Muito interessante o livro indicado pelo Tataran
. Acabei colocando na minha shopping list.
Quanto as teoria das bolhas citadas pelo Mavericco, a primeira referência que vi está no livro do Allan Guth (The Infationary Universe, editado pela Basic Books em 1997), no qual o inventor da Teoria do Universo Inflacionário descreve o que chama de Pocket universes (universos dentro de universos que explodiriam que nem bolhas de sabão em novos Big Bangs). Já li em algum lugar também que pela tese recente no sentido de impossibilidade da singularidade, a matéria dos buracos negros poderia redundar na criação de outro Universo, mas acho que isso ainda está muito especulativo :sim:.
Já pelo que entendi do post do Tataran as teorias citadas por ele estão mais próximas da idéia do Big Crunch, corrspondente à idéia de que a aceleração da expansão do Universo vai se reverter com a força gravitacional preponderando sobre o que os físicos atualmente chamam de energia escura, iniciando uma contração do Universo que fará que este se concentre novamente em um ponto infinitesimal como teria sido antes do Big Bang. A idéia do Universo Cíclico seria um Big Crunch seguido de um Big Bang e assim sucessivamente, como nas cosmogonias hindus (em que o Universo é criado e destruído sucessivamente em ciclos). Essa idéia se contraporia ao Big Rip, no qual a expansão acelerada venceria a gravidade com a espansão de toda a matéria que acabaria por romper até mesmo os átomos (uma espécie de dissolução).

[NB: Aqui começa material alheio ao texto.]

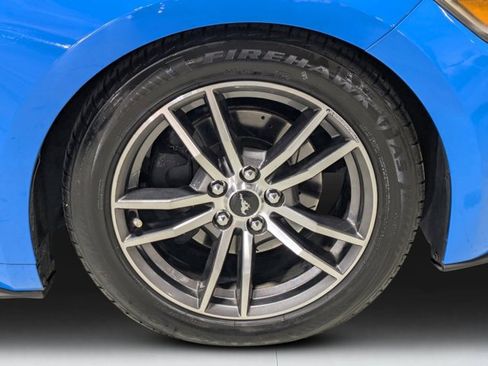 Used 2017 Ford Mustang Premium image 9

Muito interessante também no post do Mavericco e a comparação entre a chance de ganhar na loteria e a chance de achar algum livro :sim:.
Quanto à menção da Penny às proposições indecídiveis da teoria dos conjuntos e à incompletude de Godel, para quem não se aventurar a enfrentar GEB, indico o livro da Rebecca Goldstein cujo título é Incompletude- A prova e o paradoxo de Kurt Godel, da Coleção Grandes Descobertas, Companhia das Letras. Além de tentar explicar de forma simplificada a incompletude, a autora dá de brinde uma ótima biografia do companheiro de caminhadas de Albert Einstein.
Por fim, muito interessante o quadrinho da Manu (Winston vs Savage) e o comentário sobre as gamas de opções. Acho que é por isso que demoro séculos para trocar de computador ou de televisão....
Agora, uma espécie de biblioteca de Babel não seria a internet ? Falo isso porque nem sempre o livro que encontramos na internet corresponde igualzinho à edição que temos (quem se aventurar a fazer a comparação vai encontrar várias diferenças que superam, e muito, a dos chamados erros tipográficos).
Como o post já está grande, minha prometida citação da entrevista do Borges fica para o próximo post. Vou ver se pesquiso também a origem da frase mencionada pela Penny.